■ **TRY IT**
All lines from the first line of the material up to and including the line with "Men's Black and" must be copied exactly, and no others.

■ **SOURCE MATERIAL**
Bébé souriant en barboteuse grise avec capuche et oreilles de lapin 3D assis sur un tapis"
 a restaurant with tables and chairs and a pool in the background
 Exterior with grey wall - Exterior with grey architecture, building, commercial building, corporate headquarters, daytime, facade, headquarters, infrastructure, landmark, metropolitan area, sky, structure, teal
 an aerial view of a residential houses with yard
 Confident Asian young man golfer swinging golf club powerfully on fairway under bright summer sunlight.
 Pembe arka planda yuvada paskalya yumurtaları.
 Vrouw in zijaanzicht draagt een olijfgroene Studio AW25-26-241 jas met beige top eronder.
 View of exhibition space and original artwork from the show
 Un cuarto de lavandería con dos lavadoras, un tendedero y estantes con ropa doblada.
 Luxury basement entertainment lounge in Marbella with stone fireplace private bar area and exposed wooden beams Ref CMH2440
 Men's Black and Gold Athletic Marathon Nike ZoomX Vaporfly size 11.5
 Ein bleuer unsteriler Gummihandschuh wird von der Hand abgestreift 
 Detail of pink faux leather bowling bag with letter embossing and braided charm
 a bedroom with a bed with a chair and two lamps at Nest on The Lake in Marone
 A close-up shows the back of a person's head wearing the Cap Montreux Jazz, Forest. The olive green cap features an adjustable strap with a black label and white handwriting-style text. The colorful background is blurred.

■ **ANSWER TO THIS TASK**
Bébé souriant en barboteuse grise avec capuche et oreilles de lapin 3D assis sur un tapis"
 a restaurant with tables and chairs and a pool in the background
 Exterior with grey wall - Exterior with grey architecture, building, commercial building, corporate headquarters, daytime, facade, headquarters, infrastructure, landmark, metropolitan area, sky, structure, teal
 an aerial view of a residential houses with yard
 Confident Asian young man golfer swinging golf club powerfully on fairway under bright summer sunlight.
 Pembe arka planda yuvada paskalya yumurtaları.
 Vrouw in zijaanzicht draagt een olijfgroene Studio AW25-26-241 jas met beige top eronder.
 View of exhibition space and original artwork from the show
 Un cuarto de lavandería con dos lavadoras, un tendedero y estantes con ropa doblada.
 Luxury basement entertainment lounge in Marbella with stone fireplace private bar area and exposed wooden beams Ref CMH2440
 Men's Black and Gold Athletic Marathon Nike ZoomX Vaporfly size 11.5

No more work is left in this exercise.